LindyHemming · 18/07/2013 06:35

This reply has been deleted

Message withdrawn at poster's request.

curlew · 18/07/2013 07:34

Please will somebody tell me what this test will do that SATs don't?

CloudsAndTrees · 18/07/2013 07:39

I don't see how ranking them is vastly different to what we have, but SATs test where they are now, a different type of test could assess their potential.

I think that's an important thing to know, especially as I don't think SATs are accurate.

Personally, I'd prefer to know where my child is at in relation to all the other children his own age, rather than against just the ones he happens to be in a class with.

curlew · 18/07/2013 07:42

So look at the national statistics. Simple.

I don't understand why you think that SATs are inaccurate- or why, if you do, you think this new test will be more accurate.

kim147 · 18/07/2013 07:44

This reply has been deleted

Message withdrawn at poster's request.

CloudsAndTrees · 18/07/2013 08:02

I think SATs are inaccurate because in my experience the level reached in testing is often not the same as the teachers assessment level. The levels seem to me to be too broad.

I don't know if a new test would be much different, but I can hope!

Talkinpeace · 18/07/2013 10:42

"Hope" and "belief" (a la Gove and ID-S)
are NOT sound reasons on which to base education policy that will cost millions of pounds and affect millions of children

where is the evidence that such a system would work?
if there is no evidence, commission some research
but do not go off half cocked
without a THOROUGH understanding of what is going on at the moment
and empirical evidence of what the likely outcomes and costs of the change will be

EVIDENCE
EVIDENCE
EVIDENCE

Minifingers · 18/07/2013 11:20

Clouds - so what's a more accurate measure of ability, work done repeatedly over a period of time in a non-controlled setting , or work done once under test conditions? Everyone knows that some children perform better in tests than in non-controlled situations. Are you suggesting that the only true measure of ability is formal testing under controlled conditions? Because that's what your posts seem to say. I don't agree.

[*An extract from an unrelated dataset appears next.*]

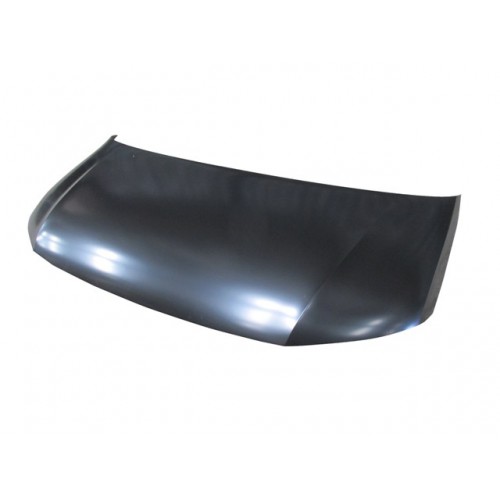 VOLKSWAGEN TRANSPORTER- T7.5- 19/24; MOTOR KAPUTU (TYG)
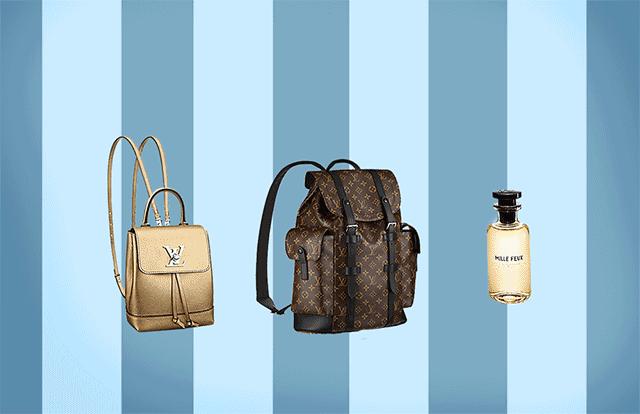 各大奢侈品涨价幅度,各式奢侈品破天荒地降价务必捡漏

Some children perform very well in tests but are incapable of sustaining effort over a longer period of time, or finishing work without an enforced deadline. Why is a single performance under test conditions considered a better and more accurate measure of innate ability than the assessment of a child's ability by an experienced teacher over the course of a year?

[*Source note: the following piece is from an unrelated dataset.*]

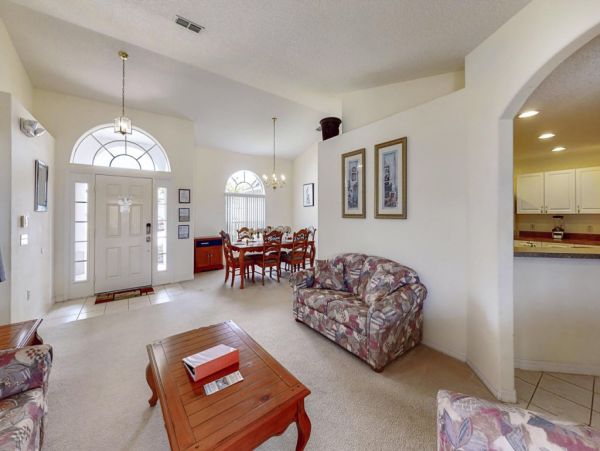 Orlando Home 982400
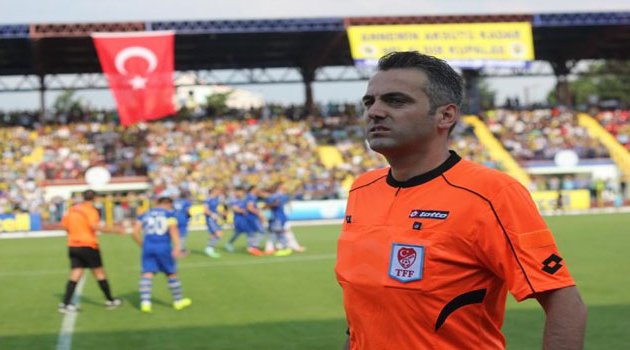 Yiğit Hoca evleniyor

You seem to have this fantasy that someone can devise a single test which will accurately measure a child's intelligence and potential. They can't. And therefore ranking children's ability on the basis of a single test and then using this ranking to influence decisions about their secondary education is pretty dangerous don't you think?

OP posts:
Talkinpeace · 18/07/2013 11:23

Will this magical test take account of the fact that some children - born in September - will be nearly 12 ~ while others born at the end of August will be only just 11 ?

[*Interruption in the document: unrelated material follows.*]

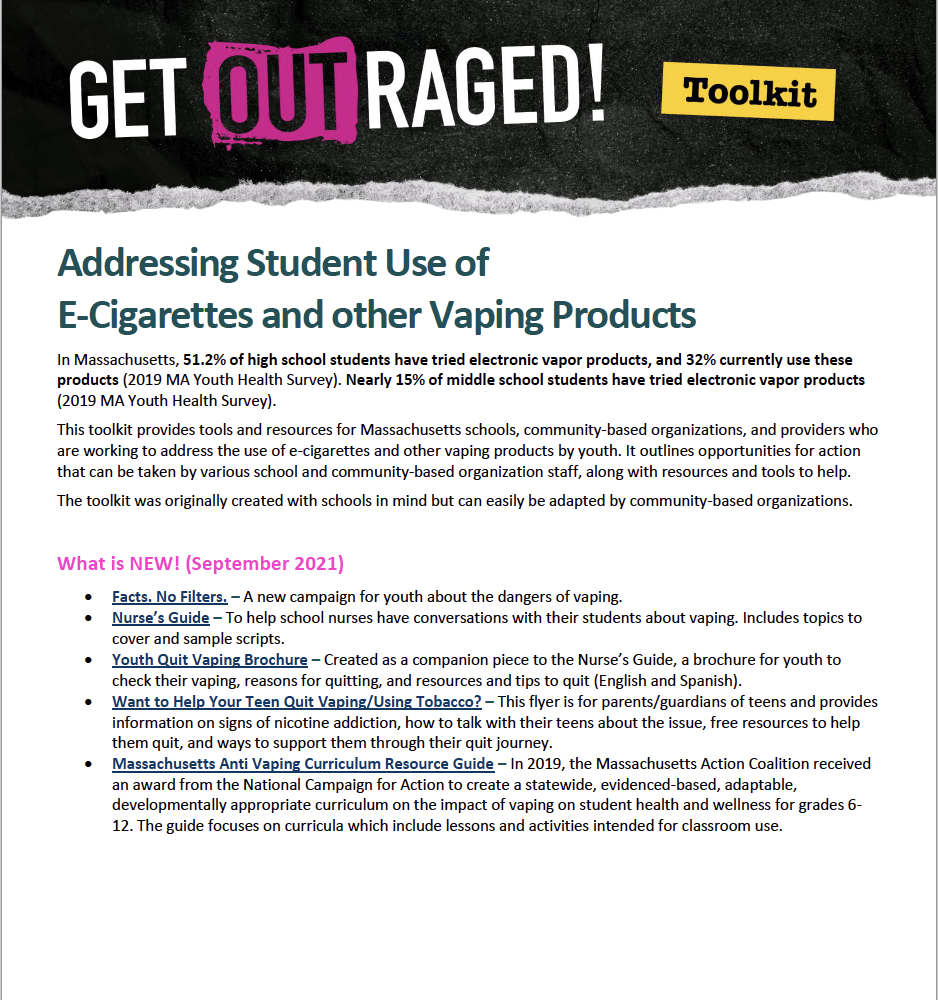Image of the toolkit cover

shewhowines · 18/07/2013 11:40

It is cruel. End of.

Kids know where they are roughly. They are not stupid. Teachers know where they are. Parents are told in reports whether their child is above where they are expected to be / where that are expected to be / below where they are expected, so they are already banded into 33.3% bands. In fact, that is divided even further, by saying just above or just below.

Why demoralise kids even more? It will have the oposite effect to what is desired, in a lot of cases. Why bother trying, if you are already so crap?

Madness, just madness.

OrmirianResurgam · 18/07/2013 11:48

It's up to the secondary schools to band the children as they think fit not up to primary schools to tell them. Which is why schools do CAT tests in the summer term before the pupils start. It's nothing to do with anyone else and this sort of extra labelling of pupils is quite unneccesary.